» RECORDS FOR THIS EXERCISE:
*** Begin section ***

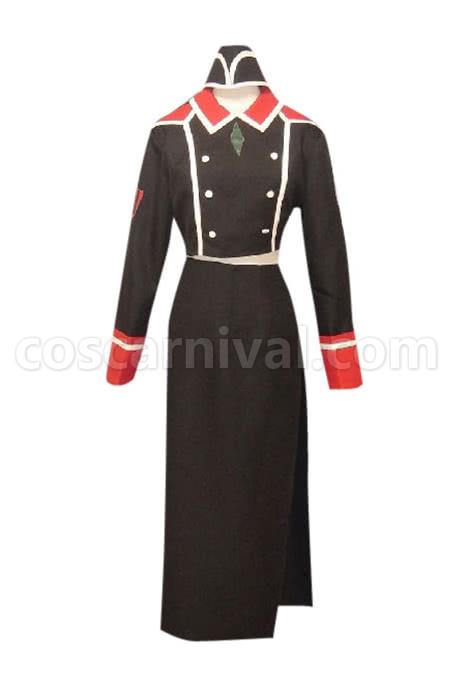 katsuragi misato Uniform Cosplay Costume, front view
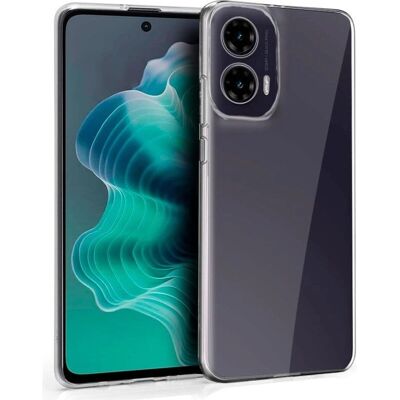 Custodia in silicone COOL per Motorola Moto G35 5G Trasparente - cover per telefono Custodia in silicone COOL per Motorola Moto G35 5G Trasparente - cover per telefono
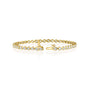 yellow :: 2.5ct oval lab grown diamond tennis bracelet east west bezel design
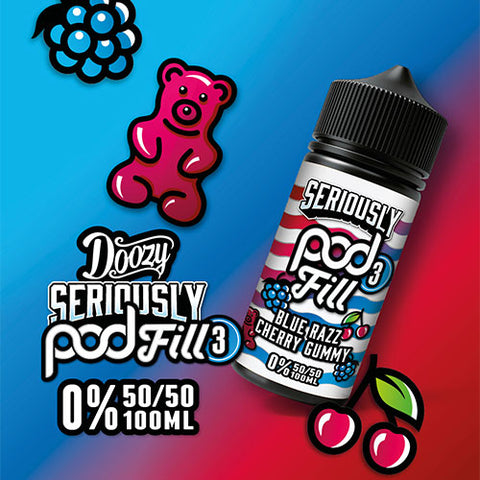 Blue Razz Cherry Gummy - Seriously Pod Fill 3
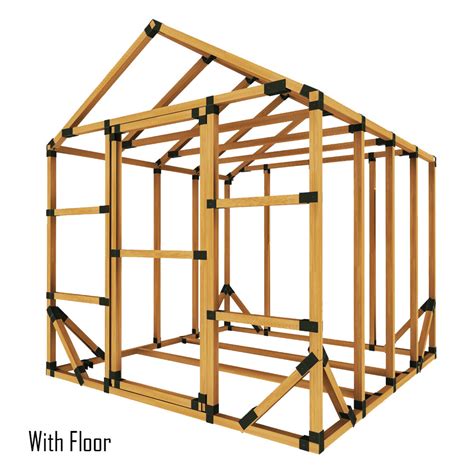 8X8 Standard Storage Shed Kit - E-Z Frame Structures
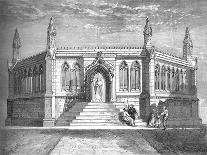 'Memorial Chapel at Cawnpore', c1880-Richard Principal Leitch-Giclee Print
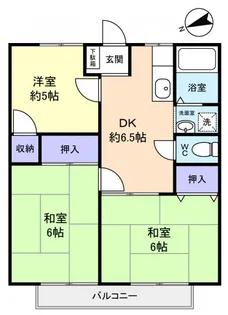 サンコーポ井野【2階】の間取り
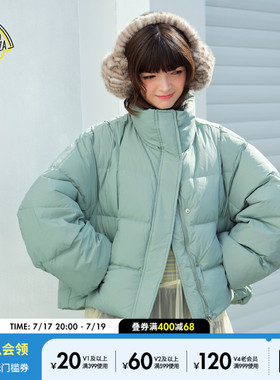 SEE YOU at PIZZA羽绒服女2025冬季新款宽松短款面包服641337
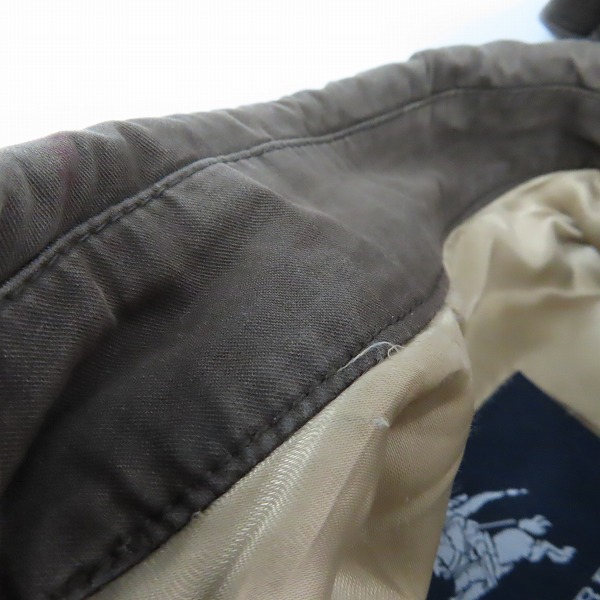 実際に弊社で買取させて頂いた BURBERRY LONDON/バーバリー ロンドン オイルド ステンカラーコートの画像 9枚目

*** End section ***
*** Begin section ***

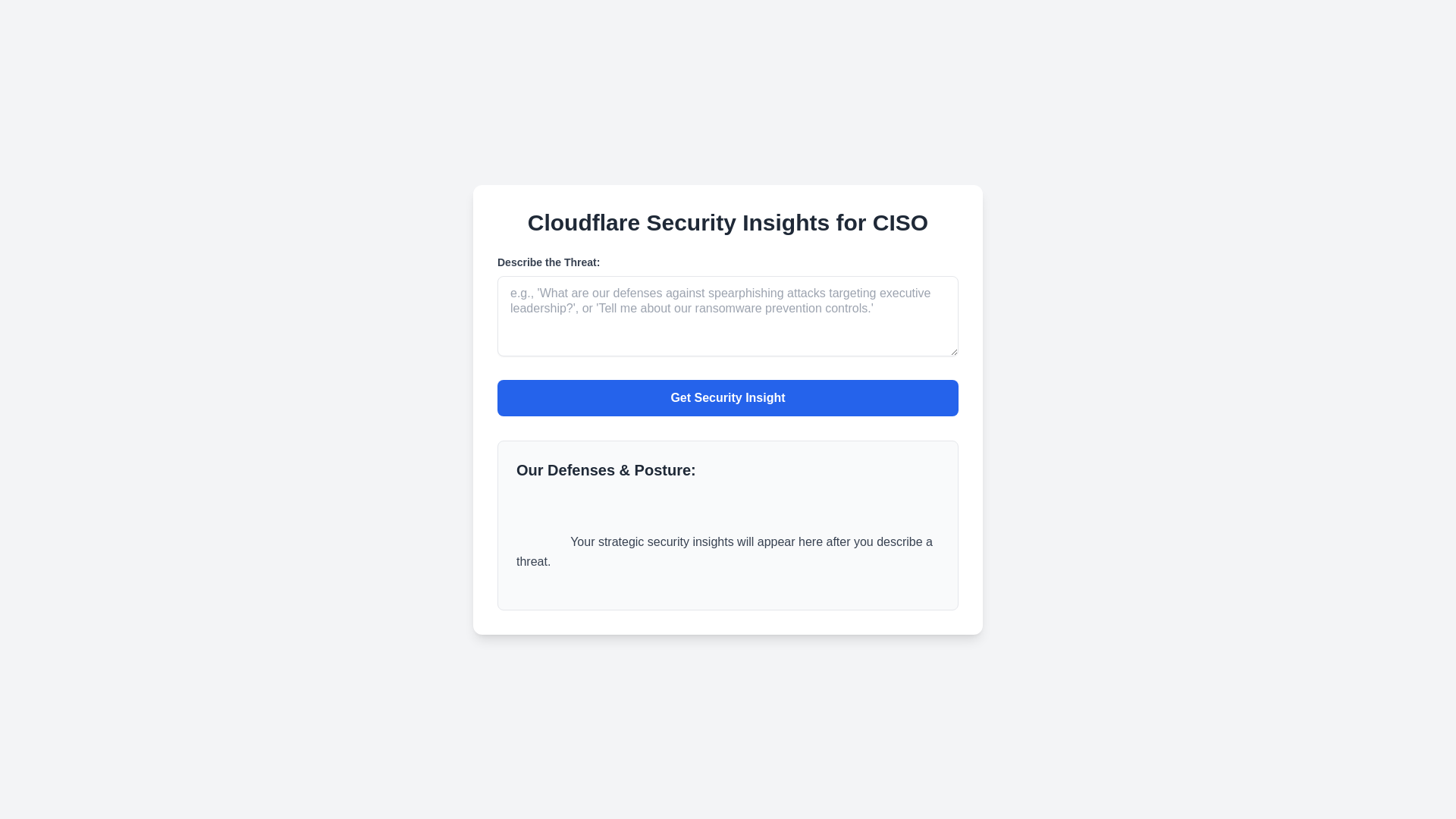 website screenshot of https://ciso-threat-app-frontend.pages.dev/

*** End section ***

» EXERCISE AIM: Everything from the line with "サンコーポ井野【2階】の間取り" through the line with "実際に弊社で買取させて頂いた BURBERRY LONDON/バーバリー" in the material above should be transcribed exactly, except the pictures.

» FINISHED EXERCISE:
 サンコーポ井野【2階】の間取り
 SEE YOU at PIZZA羽绒服女2025冬季新款宽松短款面包服641337
 実際に弊社で買取させて頂いた BURBERRY LONDON/バーバリー ロンドン オイルド ステンカラーコートの画像 9枚目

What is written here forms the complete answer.